1

I am having two small sequences, which I search in a "long string". If both sequences are found, the key of the "long string" is appended to a list (the string I search IN is a dictionary value).

Now I am looking for a way, to acquire/calculate the distance between the two substrings (if they were found).

So, for example:

String: ABCDEFGHIJKL
sequence1: ABC
sequence2: JKL

I want to get the length of DEFGHI, which would be 6.

Here is my code for finding the substrings, with some "pseudo-codish" idea of what I want (variables start and end). This code does not work (ofc)
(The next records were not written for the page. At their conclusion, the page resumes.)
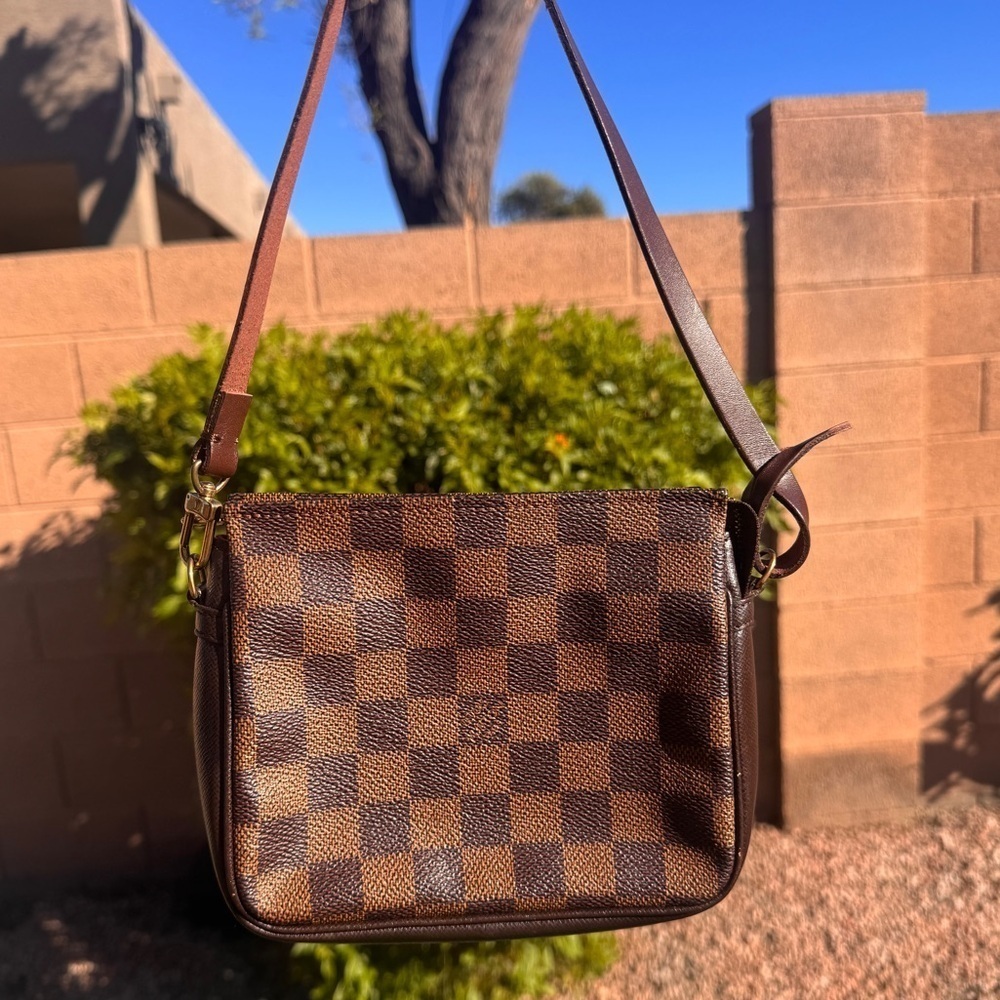 Authentic Louis Vuitton Damier Ebene Pochette handbag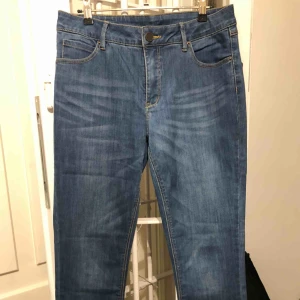  - Jeans med stretch & oranga sömmar från flash. 100% bomull. Strl. 40/L Använd ett fåtal tillfällen.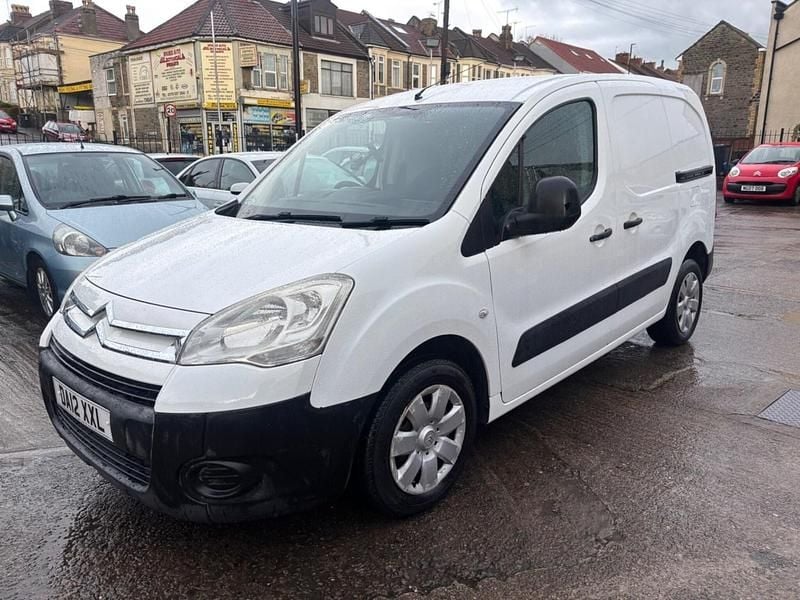 Used Citroën Berlingo 90 HP (66 kW) 2012 White MPV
def search (myDict, list1, list2):
    # initialize empty list to store found keys
    a=[]
    # iterating through dictionary
    for key, value in myDict.items():
        # if -35nt motif is found between -40 and -20
        for item in thirtyFive:
            if item in value[60:80]:
                start=myDict[:item]
            # it is checked for the -10nt motif from -40 to end
                for item in ten:
                    if item in value[80:]:
                        end=myDict[:item]
                # if both conditions are true, the IDs are
                # appended to the list
                        a.append(key)
    distance=start-end
    return a, distance

Second Idea: So far, I found some stuff on how getting the string between two substrings. So, the next thing I could imagine is, to get the sequence and do sth like len(sequence).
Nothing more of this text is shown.